Officials at a safari park in the eastern Chinese city of Hangzhou have apologized after three leopards escaped late last month and no one notified the public.
According to a statement by Hangzhou’s vice mayor, translated to English by NBC News, the leopards escaped on April 19. The zoo kept news of their disappearance quiet, however, citing concerns it might diminish visitors to the park during a busy holiday week.
Hangzhou Safari Park saw roughly 50,000 visitors a day during that period, the South China Morning News reports. The city itself has a population of around 10 million people.
The zoo denied any sort of security breach even after residents in the area reported spotting leopards to police on May 1, the state-owned news source Global Times reports.
Those reports were corroborated by surveillance video of a large cat roaming a residential area just east of the zoo and a photo of another leopard in the nearby Zhuantang Mountain Forest.

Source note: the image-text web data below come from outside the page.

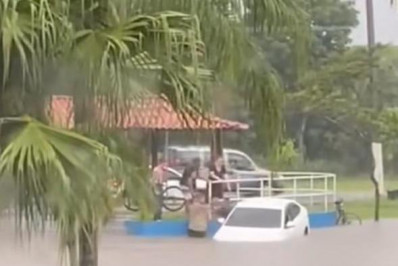 Temporal castiga Rio das Ostras, Macaé e Casimiro e deixa população em alerta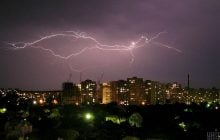 Дожди и грозы продолжатся: синоптик рассказал о нетипичной погоде в Украине (карта)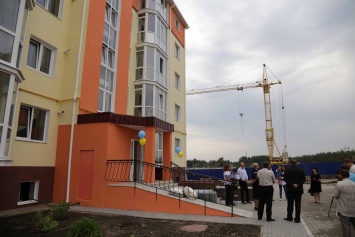 Две молодые семьи на Луганщине получили квартиры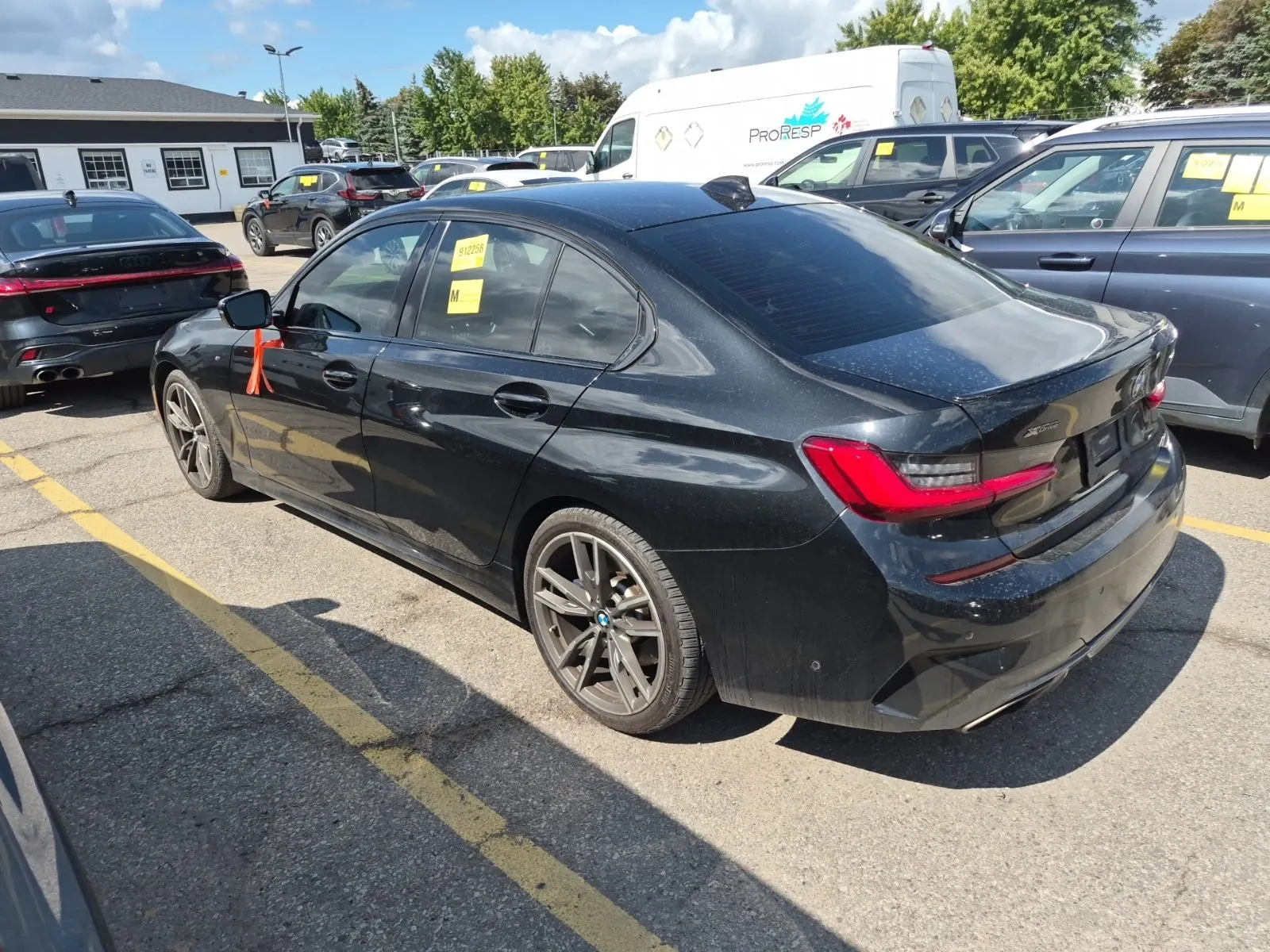 Driver Rear 3/4 Photo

It wasn’t until May 8 that Hangzhou Safari Park acknowledged it was the source of the mystery leopards. In a statement, the zoo said it was “sincerely sorry” and tried to downplay the animals’ threat to the public, noting they were juvenile leopards and therefore “less aggressive.”
The Shanghai Daily, also a state-owned news source, reports that police have detained five zoo employees and that two of the three animals have since been recaptured.
China’s zoos have long faced criticism for poor conditions and neglectful upkeep, imperiling both the animals in their care and the zookeepers who care for them.